Less anticipated, though, was the move across the codes that sees him make his debut as head coach in tomorrow’s Heineken Cup tie at home to Cardiff. Leeds can reach the quarter-finals if they win and other results go their way. After that it is back to battling against relegation from the Guinness Premiership.
League coaches in union are nothing new. Few teams, and fewer successful ones, have been without their league-rooted defence coach in recent years. Defences constructed by Phil Larder (Leicester and England), Clive Griffiths (Wales), Dave Ellis (France) and Shaun Edwards (Wasps) have carried off World Cup, Six Nations, Heineken and Premiership trophies.
But Powell’s appointment, following that of Edwards as head coach at Wasps and Denis Betts to run skills and development at Gloucester, reflects an expansion of the league diaspora. It comes after only three months as offensive coach, much more rapidly than either he or director of rugby Phil Davies expected, a response to miserable early-season form.

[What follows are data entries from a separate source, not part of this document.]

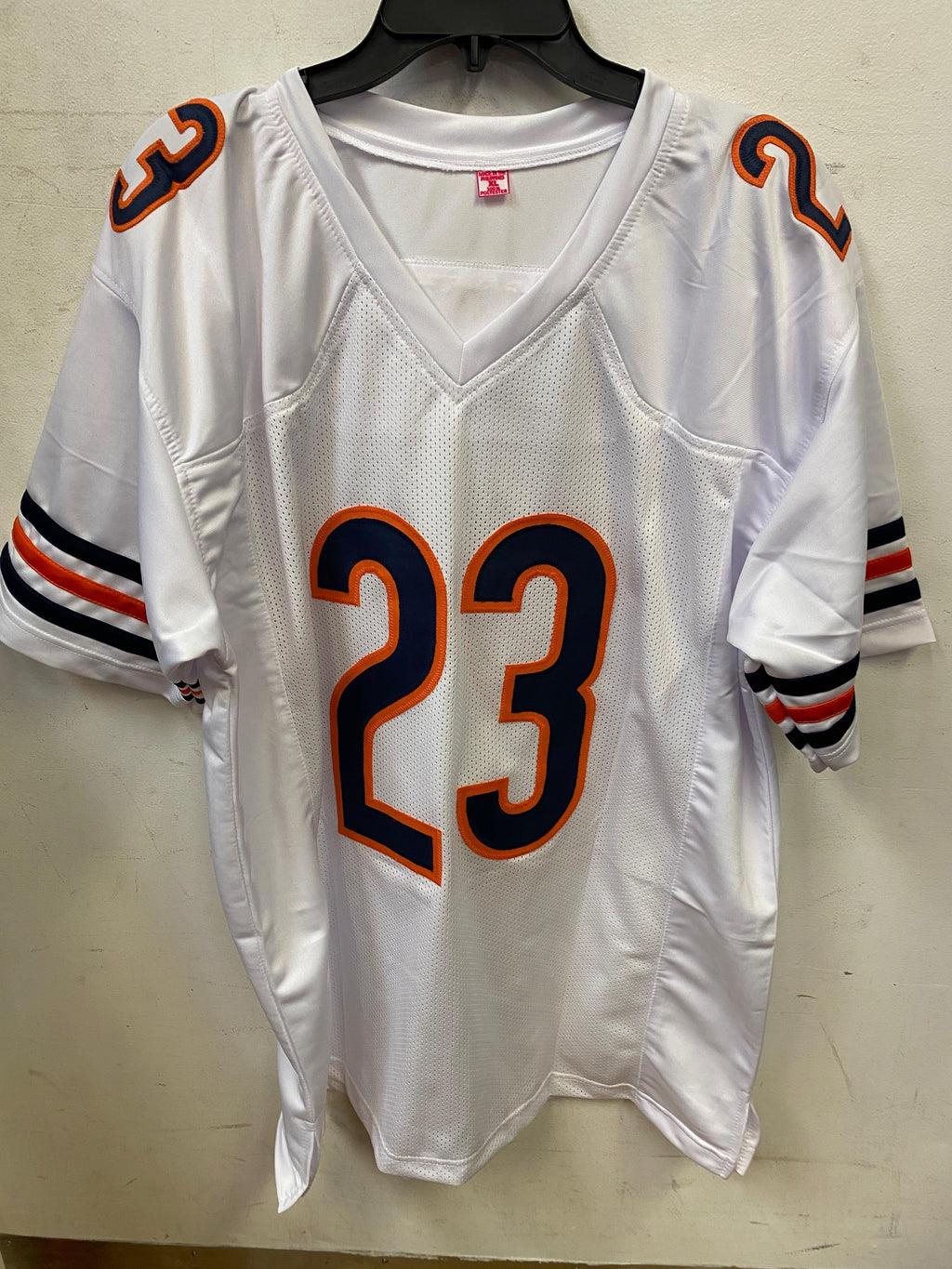 Devin Hester autographed Chicago Bears jersey JSA product image 3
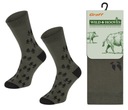 Graff Hunting Socks Trop dzik 39/42 #1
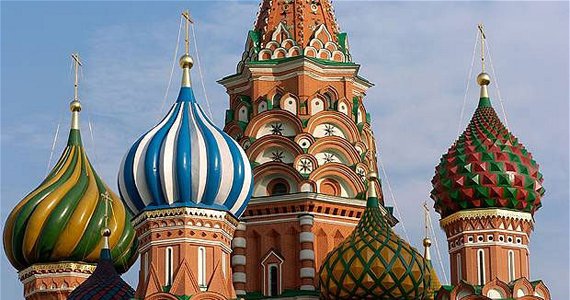 روسیه برخورد امریکا را درک نمی کند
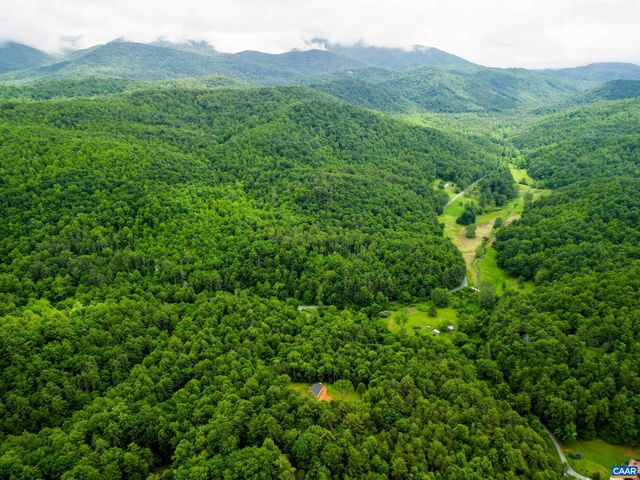 0 PEDLAR RIVER RD, Vesuvius, VA 24483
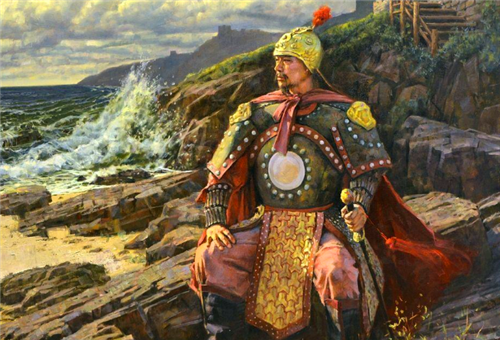 名将徐达,常遇春都是农民出身,为何打仗如此厉害?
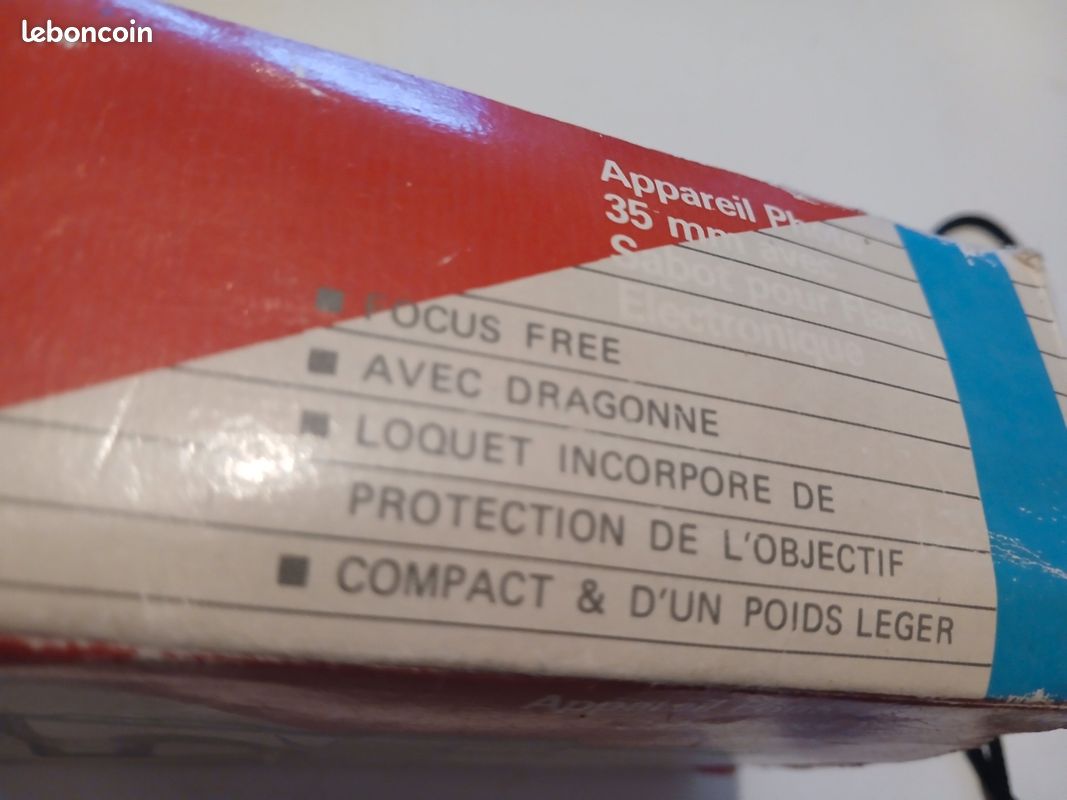 Appareil photo Altic (image 3)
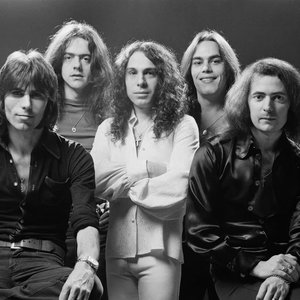 Rainbow のアバター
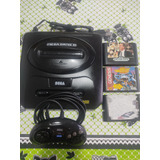 Mega Drive 3 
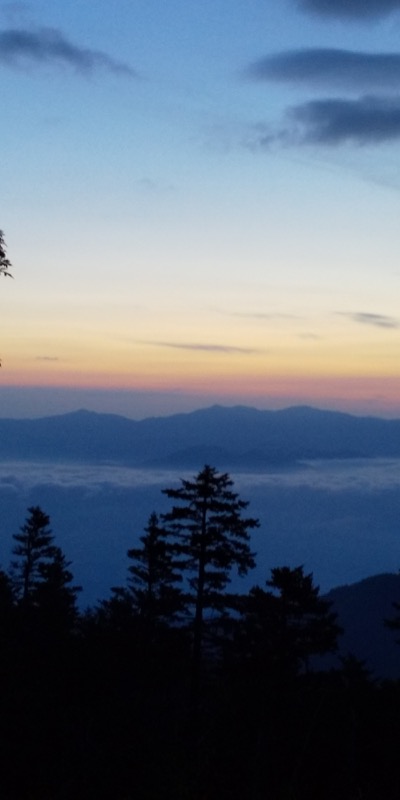 鳳凰三山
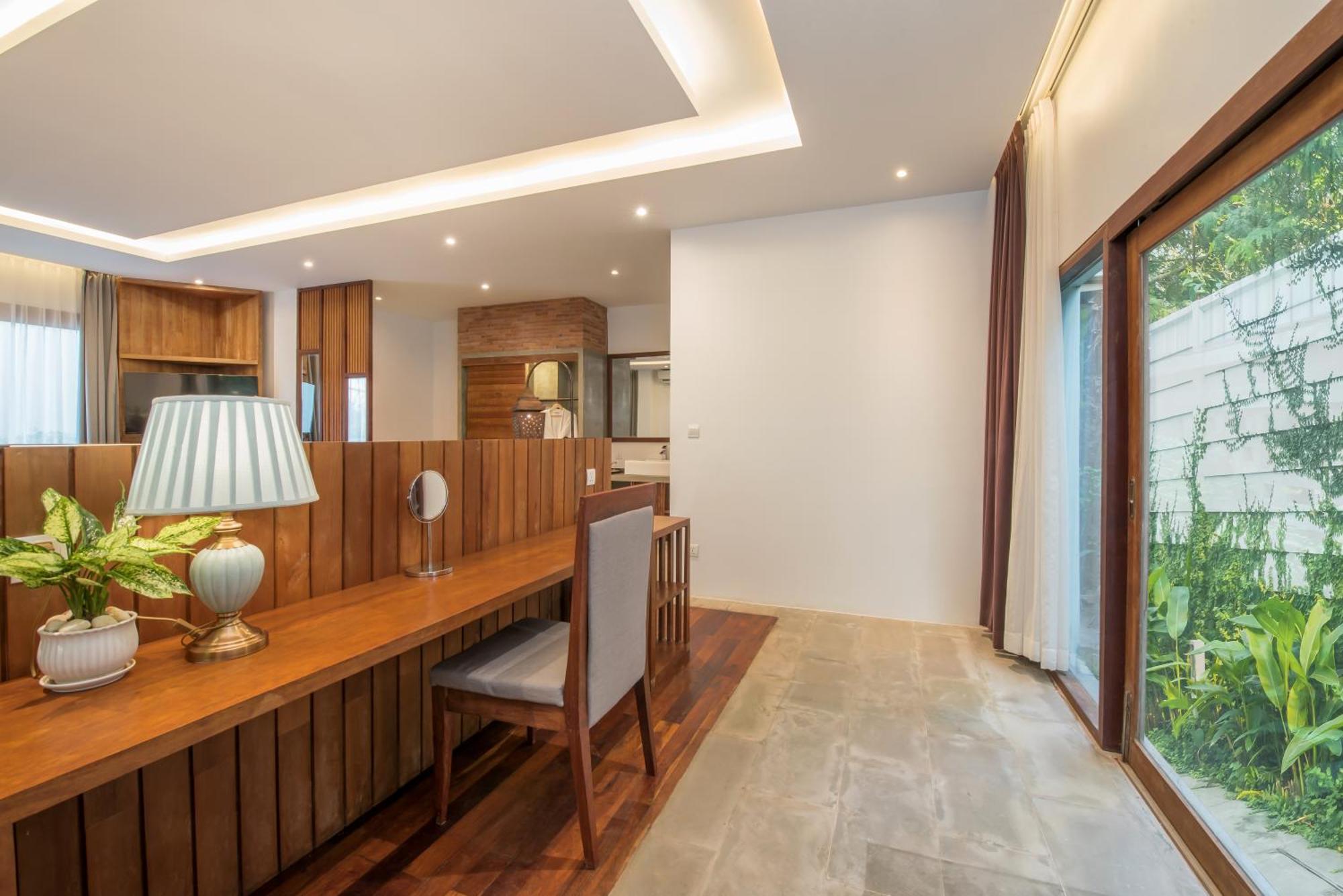Siemreap Vasinh Residence Сиемрип Экстерьер фото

It is one thing to instruct players in one element of play – and there can be little doubt that league has plenty to teach union in terms of the giving, timing and taking of passes, angles of support running and beating an opponent one on one – but quite another, even with Davies there to advise and support, to take on the whole-game responsibilities of the chief coach.
But coaches changing code do not face the same challenges as players. A player lives on the conditioned reflex that allows him instantaneously to make the right decision at full physical stretch – changing codes means adjusting instincts hard-wired by a lifetime in a different game. Coaching is analytical and reflective and draws on skills of motivation and man-management not specific to any sport.
And Powell’s union education predates this season. In July 2003, after 27 months as head coach of the Tykes’ Super League partners Leeds Rhinos, he concluded that he needed to learn more. It was typical of Powell to make the admission, equally characteristic of Leeds chief executive Gary Hetherington – the man who signed him for Sheffield in 1984 – that he did not sack him, but made him director of rugby and encouraged his quest for knowledge.
Part of that research sabbatical was spent at England Rugby Union squad sessions with Larder, another mentor from playing days with England, Great Britain and Keighley.
Personal relationships ease pioneering appointments. Just as Rupert Lowe’s friendship with Sir Clive Woodward underpins Southampton FC’s punt on the former England and Lions coach’s change of code, so Powell’s working relationship with Hetherington over 20 years will have reassured the Leeds boss about this left-field move.
But Hetherington has too much experience of struggle in both codes to make decisions on sentiment. The price of a mistaken appointment at Wasps or Leicester is struggling for a Heineken place.
At Leeds it means relegation. They cannot afford bad appointments, and this has every chance of being a good one.